For all of Donald Trump’s claims about “transparency,” there are a great many materials related to the president’s record that he prefers to keep hidden. The targets of one of his lawsuits wants to see some of those materials anyway in response to a fight he picked. Bloomberg Law reported:
If Donald Trump wants to sue the Pulitzer Prize Board for giving awards to journalism critical of his ties to Russia, he will have to cough up business records to prove he was harmed.
The board filed demands for documents and information Thursday in Florida state court that would force Trump to back up his defamation allegations.
“Just like any other plaintiff, the President must articulate and prove his claims with evidence,” a board spokesperson said in a statement. “The Pulitzer Board will not be cowed by the President’s attempt to intimidate journalists or undermine the First Amendment.”
It’s been a long while since we last talked about this one, so let’s take a minute to review.
Seven years ago, The New York Times and The Washington Post received Pulitzers for their respective coverage of Trump’s Russia scandal, and by any fair standard, the honors were well deserved. The president, naturally, didn’t quite see it that way.

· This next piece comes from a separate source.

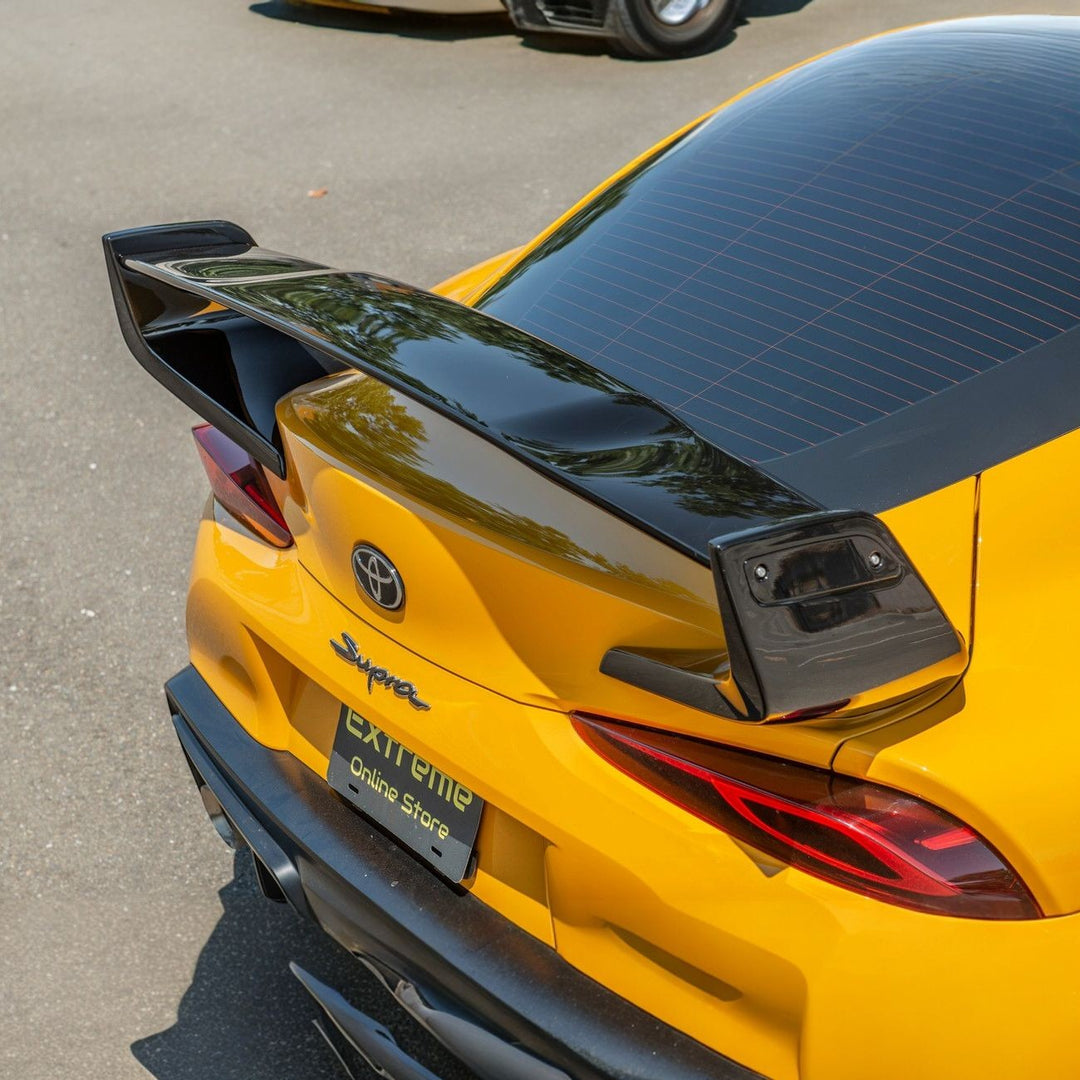 2020-Up Toyota GR Supra ST Style Glossy Black Rear Trunk Lid Wing Spoiler SPOILER-443-V2-ABS-MID_SPLITTER-443-V2-ABS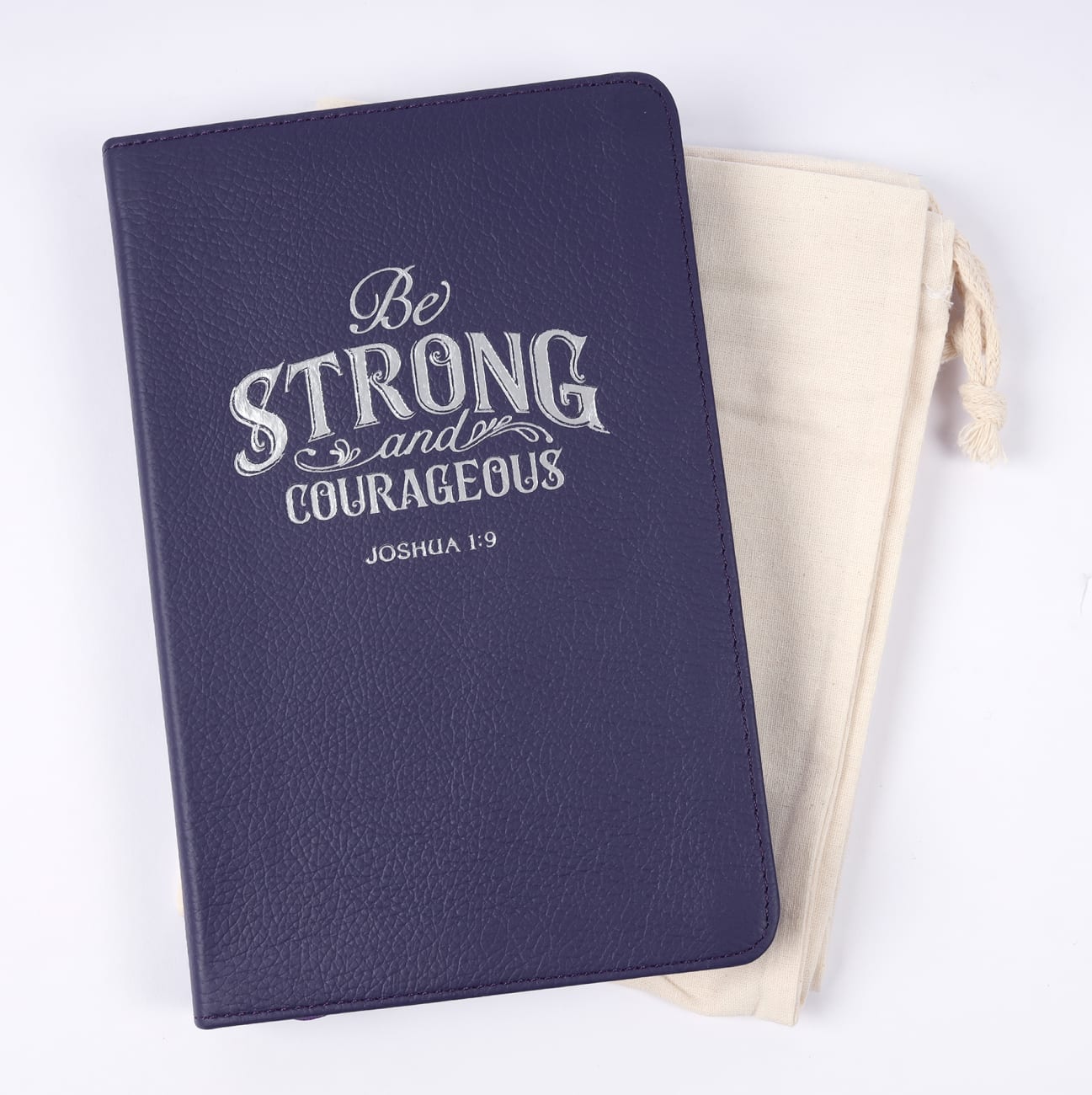 Journal: Be Strong Purple (Joshua 1:9) Genuine Leather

In fact, the more he convinced himself the Russia scandal wasn’t real (despite the fact that it was, and is, entirely legitimate), the more he appeared preoccupied with the awards. The Republican even pressed the board to reverse course and strip the newspapers of the honors, since, as far as Trump was concerned, the awards were in recognition of reporting on a scandal that had been discredited.
The Pulitzer board could’ve ignored him, but in an exceedingly generous move, it took Trump’s complaints seriously and launched independent reviews of the newspapers’ reporting. Predictably, they found that the Times and the Post were right, the Russia scandal was real, the reporting deserved to be honored and none of the reporting had been “discredited by facts that emerged subsequent to the conferral of the prizes.”
Unsatisfied with the board’s annoying commitment to facts he doesn’t like, Trump, three years ago this week, filed a defamation lawsuit against the Pulitzer Prize Board for honoring newspaper articles he disapproved of.
The case has lingered in the background, but it’s now reached the discovery phase, which is notable in large part because of the nature of the board’s records request.